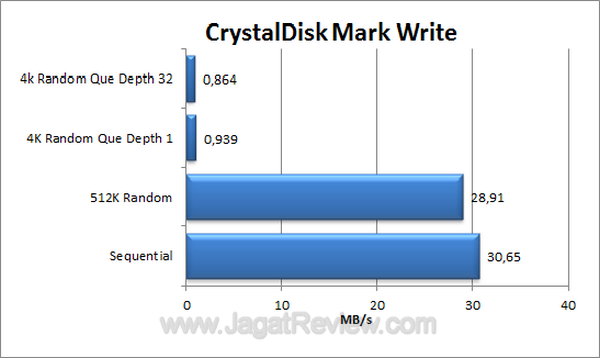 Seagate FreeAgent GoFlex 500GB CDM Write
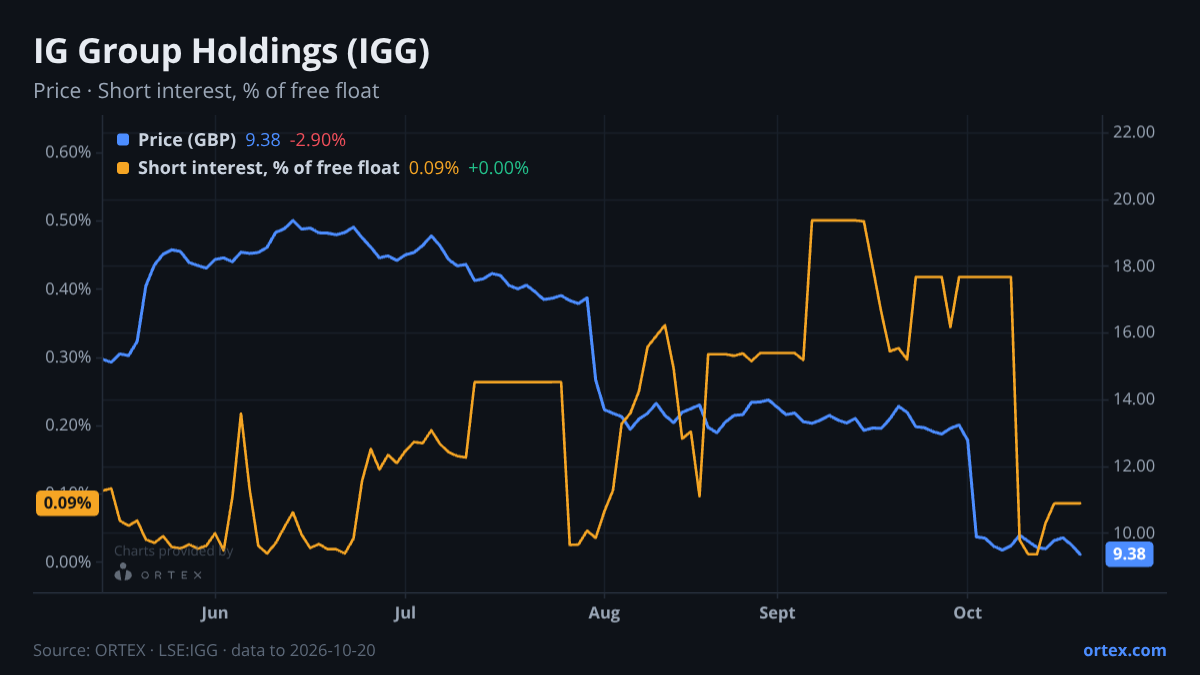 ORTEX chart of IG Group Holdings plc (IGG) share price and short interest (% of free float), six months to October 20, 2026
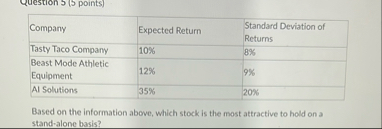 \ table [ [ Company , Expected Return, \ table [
◆ ◆ ◆ ◆
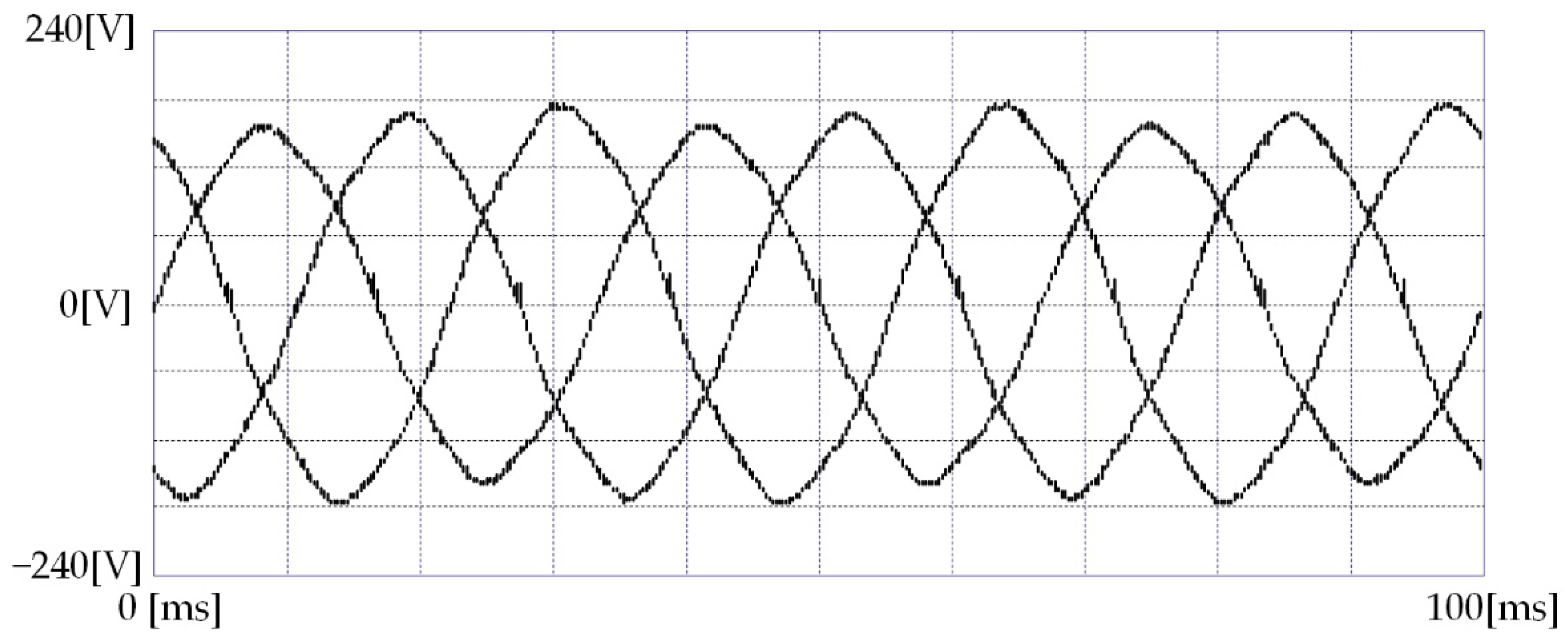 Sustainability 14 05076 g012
◆ ◆ ◆ ◆
* **Your goal**: From the records above, transcribe only the stretch from the line with "Seagate FreeAgent GoFlex 500GB CDM Write" through the line with "[ [ Company", keeping both ends. Omit pictures.

* **Solved problem**:
 Seagate FreeAgent GoFlex 500GB CDM Write
 ORTEX chart of IG Group Holdings plc (IGG) share price and short interest (% of free float), six months to October 20, 2026
 \ table [ [ Company , Expected Return, \ table [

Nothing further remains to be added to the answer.